There have been other discussions on the forums here in the past about curating hex packages, running checks before publishing, etc. So this topic comes up from time to time, it seems.
In my spare moments since last Friday, I wrote a little tool that tries to build all packages on hex.pm (or just packages that have updated since the last check; or just packages that previously failed; or a specific subset of packages…) and logs the results. Turns out that with Elixir 1.7.1 and Erlang OTP 21.0.4 ,simply including a package in mix.exs as a dependency and building results in a failure rate of over 10%.
Some could well be due to lacking -dev packages for libraries used by some nif-building packages… but many are just actual build failures. A good example are packages that use jsone. There are 22 of them on hex.pm as of this writing. jsone 1.4.7 builds just fine with the latest erlang release, but earlier versions do not due to a backwards-incompatible change in stacktrace API. A number of those 22 packages, and by domino-effect even more packages that depend on those packages, have not updated the jsone dependency and so build with pre-1.4.7 versions and fail.
Looking at the work to be done, it’s pretty trivial: go through those 22 packages and ensure they require at least v 1.4.7 of jsone and get a new release up on hex.pm. This assumes that the owners of those packages are active, of course.
At this point I’m considering what can be done with this information. Various thoughts:
- Where should results be posted so the community gets the most benefit?
- It would be great if build health information was made available on hex.pm itself, and was queryable
- If some of us took on janitorial work to keep more packages on hex.pm in good health, everyone would benefit from that; I have already gone through some of the failing packages so hopefully some improvements will come of all this, but I am only one person
- I wonder if some packages should be retired from hex.pm, such as some packages that are full-on phoenix apps which use rather old version of the phoenix stack and do not build properly as a dep; obviously flagging these is a first step, but then what?
- Adding credo runs (and …?) to the hexagon tool would be nice … I suppose I will get around to it at some point, but I wonder if there are others as interested and motivated to do something about package health on hex.pm as I am …?
I am very interested in your thoughts and input on this …
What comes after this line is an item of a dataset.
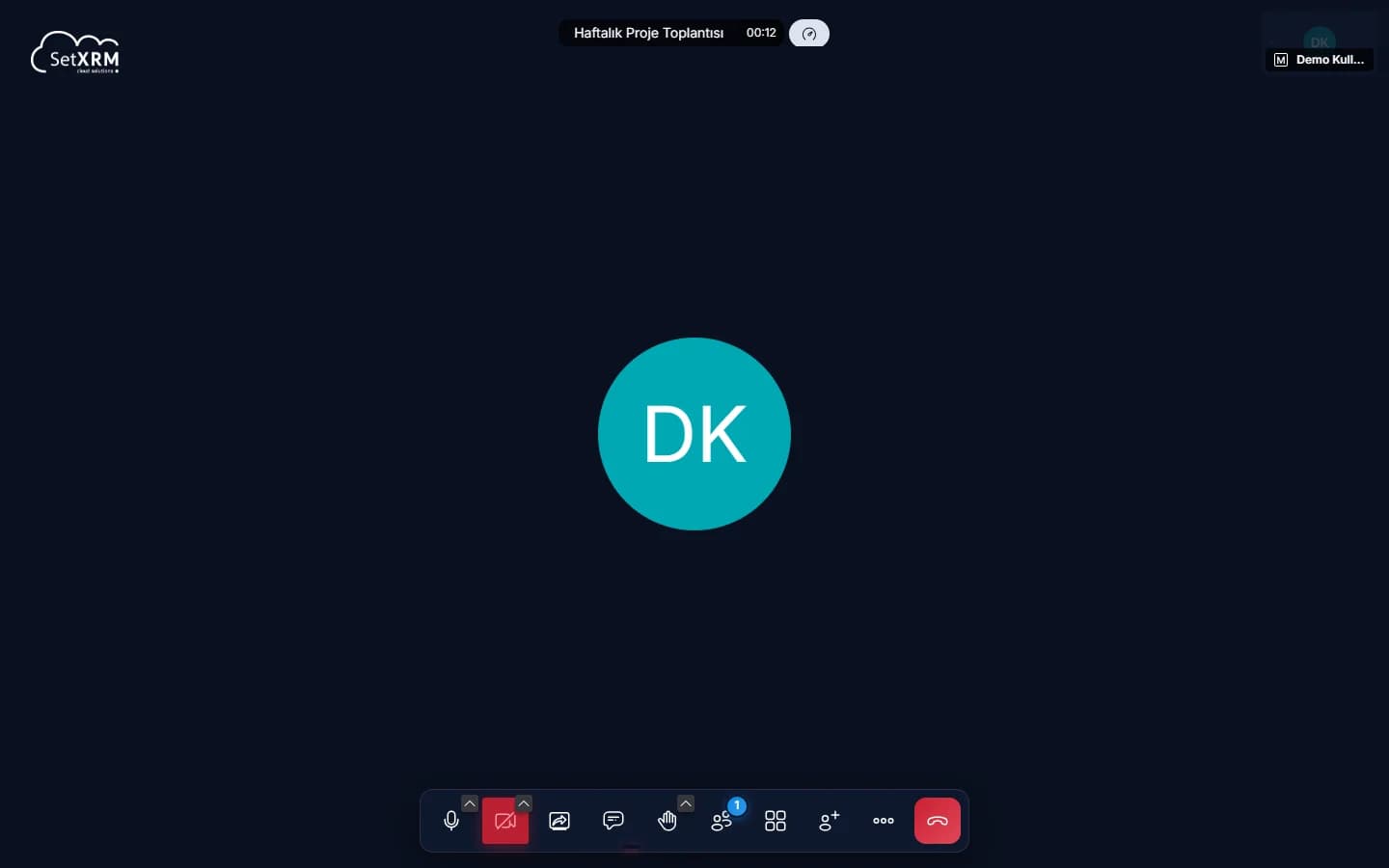 SetXRM Meet – Meeting screen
p.s. Over the coming weeks, as time permits, I will set up a regular run of hexagon on one of our testing servers that checks updated packages nightly and where I can do full scans with new versions (and release candidates) of Elixir/Erlang. I’m not sure where I will end up publishing the results just yet, as per the above thoughts.
p.p.s I really need to document the hexagon tool; it started as a fun “how hard would that be to do?” one-evening project and then got a little out of hand so it doesn’t necessarily follow my usual expectations for documentation etc. Apologies to anyone who looks at it before I address that …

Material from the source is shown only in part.